È morto un profeta! Fu questa la certezza di quel 2 novembre 2007, alle 2:00 in piena notte a Rimini, quando d’improvviso arrivò la notizia che don Oreste Benzi lasciava questa vita terrena. Sono passati 18 anni e ci si chiede cosa rimanga oggi della sua scomoda profezia. E soprattutto se don Oreste parli ancora alla gente di questo tempo, se in qualche modo sia ancora vivo e contemporaneo alla storia.

E poi ancora c’è da chiedersi: don Benzi, il prete degli ultimi, ha fatto un miracolo? Don Oreste ha salvato vite umane, ma non è stato questo il suo miracolo. Senza mai risparmiarsi, ha fatto del suo sacerdozio un servizio ai più indifesi, facendo l’impossibile per salvare ogni piccola creatura dalla minaccia dell’aborto, il drogato dal tunnel della dipendenza, la prostituta dalla condanna della violenza. Piangeva di fronte ai bimbi con gravissime disabilità, commosso profondamente fermava le sue corse e sostava davanti a quei corpi fragili come un prete davanti all’ostia sacra. “Sono i nostri tabernacoli” ripeteva.
Era l’adorazione eucaristica di don Oreste: l’incanto del suo sguardo fisso sui corpi deboli dei bimbi accolti nelle sue case famiglia. Sembrava rapito dall’imperfezione di quei corpicini, esultava di gioia guardandoli nelle braccia della loro mamma. Sembrava che abitasse in lui, fin nelle sue viscere, un desiderio irresistibile di farsi in tutto piccolo come quei piccoli, di imitarne le sembianze, di confondersi con le imperfezioni dei loro corpi. Come volesse far sua quella debolezza, quasi appartenere a quella stessa fragilità. Scavalcava il muro della corporeità imperfetta per guardare oltre i limiti della caducità umana. Rovistava nella pochezza delle persone per scovare la meraviglia che si portavano dentro. Nessuno immaginava quanta bellezza si potesse nascondere dietro quei corpi così sfigurati. Il limite della debolezza umana era una ringhiera da cui affacciarsi per intuirne l’infinito nascosto.

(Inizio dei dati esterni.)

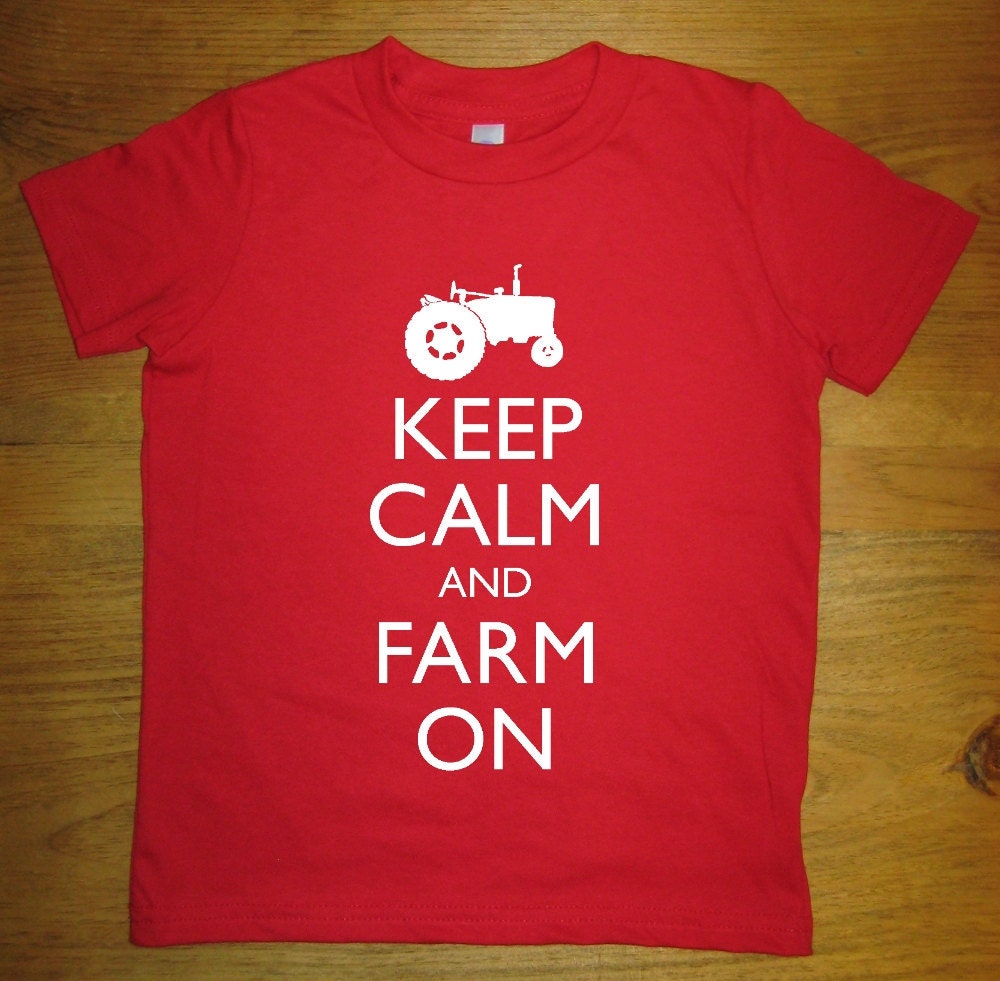 Farm Tractor Shirt - Kids Shirt - Keep Calm and Farm On - 7 Colors Available - Kids Tshirt Sizes 2T, 4T, 6, 8, 10, 12 - Gift Friendly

Don Oreste scorgeva in quel dolore una Grazia che altri non vedevano, una luce latente. Il suo volto era radioso come se vivesse di luce riflessa: guardava i piccoli e il suo sguardo s’illuminava.
Per il prete dei poveri era inconcepibile che un bimbo non avesse il bacio della buonanotte o che dopo cena non avesse le ginocchia di un papà su cui sedersi. “Una famiglia per ogni bambino”, ripeteva ai giudici, ai politici, ai capi di Governo. Scuoteva le coscienze facendosi voce dei più piccoli.
Certamente la sua profezia è ancora viva oggi. Don Oreste è il fondatore della Comunità Papa Giovanni XXIII che con le sue case famiglia, le comunità terapeutiche, le cooperative, le case di preghiera, le famiglie affidatarie, le missioni in circa 40 Paesi nel mondo e molto altro, mantiene vivo il carisma di un sacerdote povero e santo. Don Oreste vive nella gente che ha saputo contagiare con la sua santità.

Il prete delle prostitute ha dato vita ad un popolo che si è riconosciuto in quella missione e nel suo carisma: condividere la propria vita con i poveri, con i figli di nessuno, con quelli che nessuno vuole e realizzare oggi la “società del gratuito”. Una società fondata sulla giustizia che protegge il povero e l’indifeso. Ha aperto nella Chiesa una strada nuova, che prima non c’era. Un nuovo carisma dello Spirito e un popolo di Dio che cerca ancora di salvare vite umane, provando compassione al cospetto dei più fragili e delle persone ferite. Sì, don Oreste ha fatto il miracolo: Siamo noi.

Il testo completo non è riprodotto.